Insomma, per alcuni un grande risultato soprattutto se si considera la riduzione da 6,7 a 5,29 miliardi di euro dei fondi del PNRR per le reti ultraveloci. Tuttavia, al di lá dei trionfalismi, ci si dimentica il risvolto geopolitico e securitario della vendita: la rete Tim é la “spina dorsale” delle comunicazioni internazionali, unendo Europa, Medio Oriente, Africa settentrionale con la conseguenza che la vendita ci allinea completamente all’interesse statunitense dello sviluppo delle telecomunicazioni nel nostro Paese.
Ora, al di lá del fatto che Tim, non disponendo piú delle reti, dovrá pagarne l’utilizzo con inevitabile aumento del prezzo in bolletta, é la gestione pubblica delle reti stesse che, garantendo l’accesso a tutti, assicura una reale ed autentica concorrenza sul mercato alle societá di servizi.
É vero, da un lato, che il Governo Meloni, quello dei finti “sovranisti” cui ancora molti credono, nel febbraio 2024, essendo le reti rientranti nella disciplina del “golden power”, di cui al decreto-legge 15 marzo 2012, n. 21 convertito con modificazioni nella legge ordinaria dello Stato n. 56/2012, ha posto alcuni paletti con la forma della prescrizione all’acquisizione (ad esempio, mantenimento in Italia dell’attivitá di ricerca e manutenzione) che dovrebbero assicurare allo Stato una supervisione generale, ma dall’altro é innegabile sia che le condizioni poste dal Governo in materia di governace ed organizzazione non siano particolarmente determinanti, sia che la vendita certifichi la resa dei poteri pubblici alla finanza ed alle sue logiche.

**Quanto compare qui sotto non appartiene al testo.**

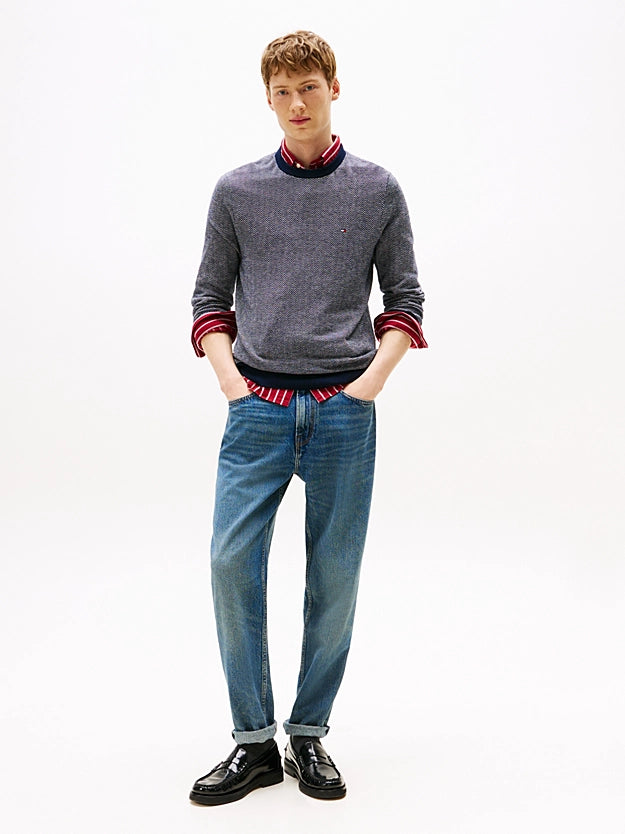 Tommy Hilfiger Herringbone Knit Jumper With Cashmere - Navy MW0MW41319_0A4_alternate2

Ci troviamo innanzi ad un’ipocrita narrazione sovranista che ha autorizzato la vendita di un asset strategico per il Paese. Certo, si potrebbe obiettare che dal 1997, con la privatizzazione di Telecom voluta dal Governo Prodi, la societá é divenuta un bancomat per ricche plusvalenze finanziarie prima da parte dei capitalisti italiani e poi ad opera dei vari fondi esteri e che giá a partire da quel momento é stato messo in discussione il controllo pubblico della rete, tuttavia la scelta del Governo Meloni, anticipata da Draghi, ha segnato in modo definitivo il passaggio della proprietá e del controllo delle comunicazioni di un Paese alla potenza americana proprio in fase di forte crisi del modello unipolare.